When we act purely to make ourselves feel better in the moment we are not really “fighting” for our cause – we are getting a quick fix, usually at the expense of our own objectives. In fact, acting against our own objectives is really a “flight” response as we run from the actions (or inactions) that will help us.
We can’t always stop ourselves doing this. But we can take the moment we decide clearly so that when we reflect back on that moment we have no excuse but to see it as a decision we made rather than something we were forced to do based on the situation.
So, if you are angry and frustrated it’s either justified or it’s not. If it’s justified what you are really feeling is disappointment and you are having a “fight” response as a way of staying on your course. But if you try to push that anger and frustration to somebody else it’s either going to make them think you are disappointed in them, or it’s going to make them disappointed at you. This is rarely what you want to achieve and will rarely help you make the changes in yourself and the world that will reduce your disappointment in the future.

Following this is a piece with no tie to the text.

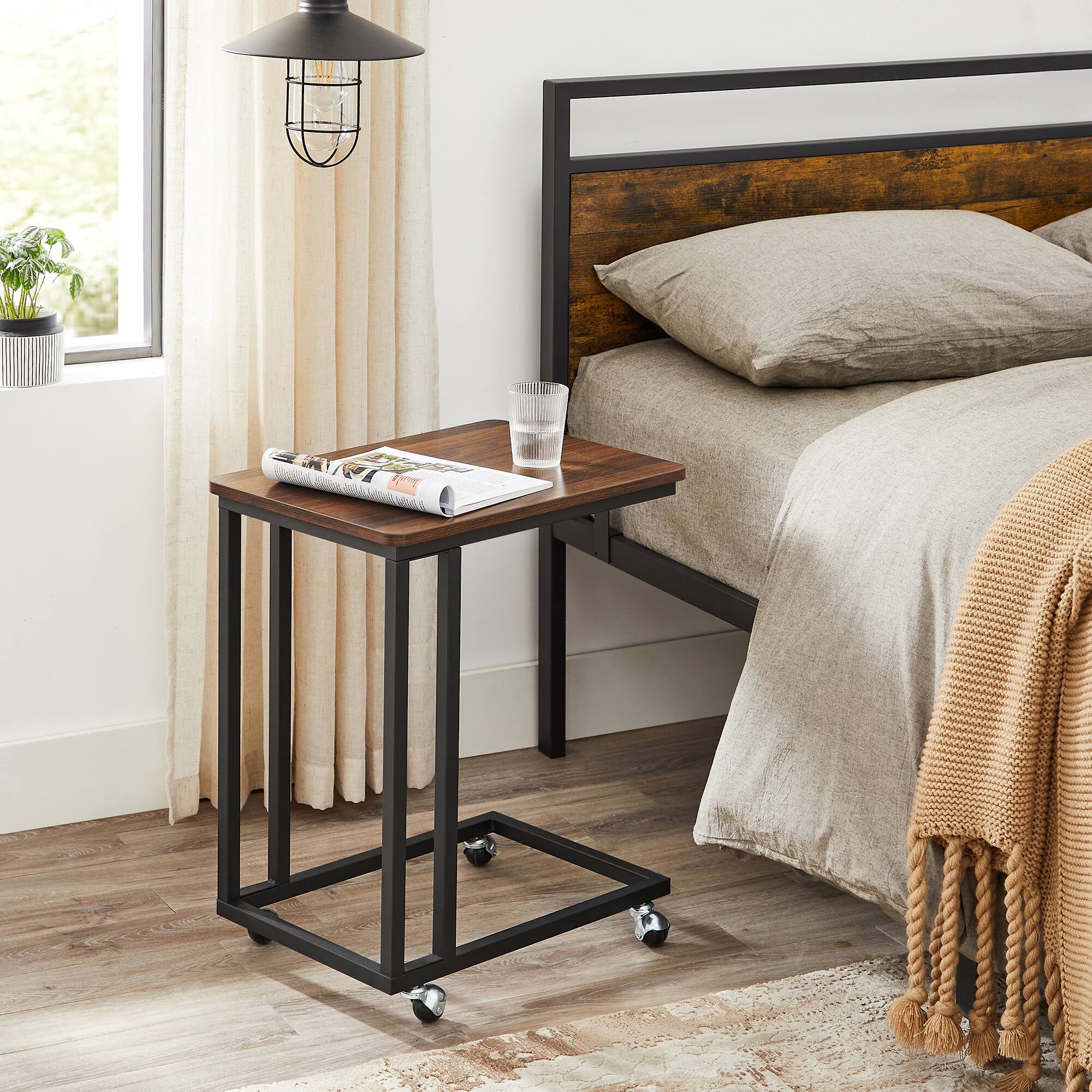 Back. Songmics Home - End Table, C Shaped TV Tray with Metal Frame Rolling Casters, Industrial Side Table for Living Room Bedroom - Dark Walnut and Black.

People tend to judge how much they are supporting others higher than the support they receive from others. I try not to but I might be failing.
People who know me often tell me I think differently to other people. Usually, this is framed as somehow being “innovative” or “creative”. The truth is I do believe I think differently to other people. I even have an old note that I wrote to myself about 15 years ago entitled “Way’s In Which I’m Different”.
I don’t really value “innovation” and “creativity” the way other people seem to think I do. I guess this is another way I’m different. But I suspect people are just trying to be kind. So I enjoy their kind words.
One of the ways I actually believe I’m different is that I have a hard time claiming to know how somebody else feels. I genuinely don’t like to pre-suppose I know how somebody feels. This means if I try to be supportive or helpful I typically don’t assume that I’ve succeeded unless they tell me.
Interestingly, sometimes I’m told I’m not “empathetic”. This is rarely said in a nasty way – my wife says it the most often, so I know it’s not something that makes me unbearable, or unloveable.
But I believe this idea that I might lack “empathy” is related to my unwillingness to presume to know what somebody is feeling.
It’s possible that when I communicate I’m so committed to not presuming that I know what goes on inside another person’s mind, or to presume I know how they feel, that I’m coming across as not empathetic. When I try to take the next step it often feels fake – not because I’m faking emotions, but because I know I can’t feel what they feel. But I do care, and I do try to help.
Like an introvert who finds communication with others draining, genuinely caring for others takes energy, and time, and must never be faked.
There is a trend I’ve noticed where people refer to themselves as “empaths”. I believe they think this means they have a special intuition about how others are feeling and take these emotions on themselves. I can’t relate to that concept. One interpretation of me not being able to understand a so-called “empath” might be that I myself lack empathy. But I have other theories.
I believe those that call themselves “empaths” are doing one of two things. Either, they are so self-centred that they cannot think about the feelings of others without making it all about themselves. Alternatively, they are so lacking and out-of-touch with their own genuine feelings that they have to reach out and adopt the feelings of others in order to feel emotionally connected to the world.
It feels too personal to write about this, and again I feel it’s presumptuous to claim any knowledge of how others feel – even how empaths feel. But because I am thinking about it now does that make me finally more empathetic, or does it mean I’m an empath? Or just pathetic.